Last week, DISD teachers and staff received a link for the Spring Climate Survey.
Since the Fall Climate Survey results for individual campuses were never released in the DMN, we can use our trusty inferencing skills to conclude that the results must have been bad, especially at campuses Miles wants to protect from scrutiny.
We can also infer that the scores were bad based on the actions of many DISD principals in anticipation of this spring’s survey. Their actions have ranged from subtle manipulation to lies to outright threats.
As I wrote in other posts about this subject, one way principals try to mislead teachers is by referring to the survey as “our” results. They’ll say things like, “’We’ scored low on this section,” or “’Our campus’ needs to improve on this section.”
There is no “we” or “our.” That is a lie and a thinly veiled threat. The results evaluate the principal and only the principal. Questions about instructional teams are likely just filler questions, as are many of the other questions.
We can also infer the results were bad because after Winter Break, many principals forced teachers to sit through meetings where the principal went over some (or all) of the questions from the fall survey and provided “clarification” about the questions, as if teachers misunderstood them. Teachers from multiple campuses report that this happened.
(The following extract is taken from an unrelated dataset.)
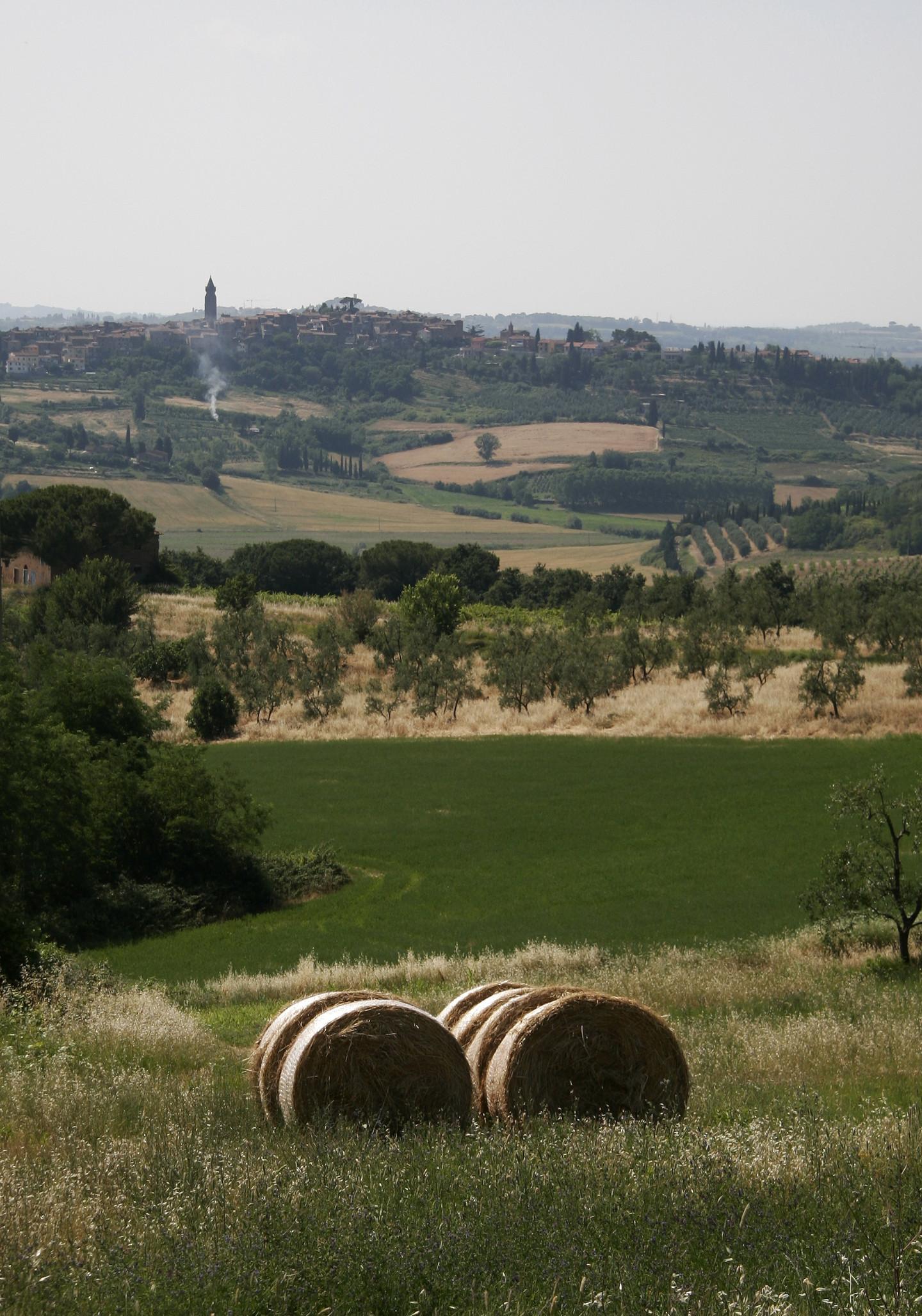 Appartamento con giardino a Peccioli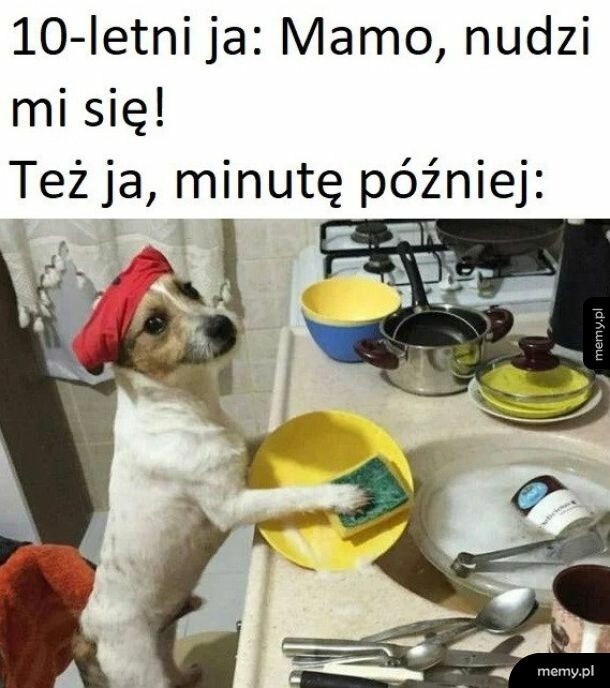 Znudzony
No, teachers did not misunderstand the truly important questions about campus moral, the direction of the campus, the direction of the district and the discipline problems. Those questions (actually statements) were quite clearly worded and are probably the only ones the district really looks at (again, the others are likely filler).
Creating committees to “fix” the campus problems seems to be another common (but useless) ploy of many DISD principals. Committees are a stall tactic because they require even more teacher time, they are not anonymous and the principal still has veto power over whatever the committees come up with. This makes the committee idea pointless and a waste of time.
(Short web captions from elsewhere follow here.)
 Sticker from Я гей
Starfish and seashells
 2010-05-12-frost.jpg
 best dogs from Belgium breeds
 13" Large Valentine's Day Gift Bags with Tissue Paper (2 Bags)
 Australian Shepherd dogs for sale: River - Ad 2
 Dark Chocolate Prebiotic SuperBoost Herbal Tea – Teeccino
Finally, I’m reading that principals are attempting to mislead teachers by giving conflicting information about the Neutral choice. Are Neutrals counted as positives or negatives?
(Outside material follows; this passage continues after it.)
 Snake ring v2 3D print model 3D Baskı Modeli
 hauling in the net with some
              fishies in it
The truth is this: No one knows and it doesn’t matter anyway. Principals should stop worrying about the Neutral count and get busy addressing the number of Disagree responses.
For example, I’m certain a principal whose survey result is ranked 1 or 2 out of his/her category isn’t obsessing over the Neutrals. When there are overwhelming percentages of positive responses, the principals don’t need to drag teachers down the rabbit trail of examining the Neutrals.
The level of nonsense surrounding this spring survey is exhausting. It demeans the principals and diminishes their credibility. We teachers are not the oblivious, easily manipulated cows many principals (and Miles) must believe us to be. Principals can stop trying to influence us.
Effective principals simply listen to their teachers, even when the teachers’ solutions contradict Mike Miles (whose “leadership” has increased the number of IR schools).
Effective principals (or principals who want to be effective) are the ones who put a locked box in the teachers’ lounge and ask teachers to drop anonymous comments, concerns, complaints and questions into it. And then they act on what they read.
IMHO, anything other than a system to collect anonymous comments, complaints, concerns or questions from teachers on their campus is a fake effort on the part of a principal to improve campus conditions.
Failing principals will not take this simple, direct step, which is why they will continue to fail.
DISD teachers should answer the survey statements honestly, without any concern about the Neutrals or how the answers make “the campus” look or if they were offered the exciting opportunity to waste more time meeting with some committee. DISD teachers should not worry that they are misunderstanding a question, because the important questions are impossible to misunderstand.
Teacher feedback matters. If it didn’t matter, the results of the fall survey would have been released in a public forum like the newspaper, detailing the scores at every DISD campus. So, since the results obviously matter, Dallas citizens need all DISD teachers to complete the surveys to let taxpayers know what’s going on in the schools.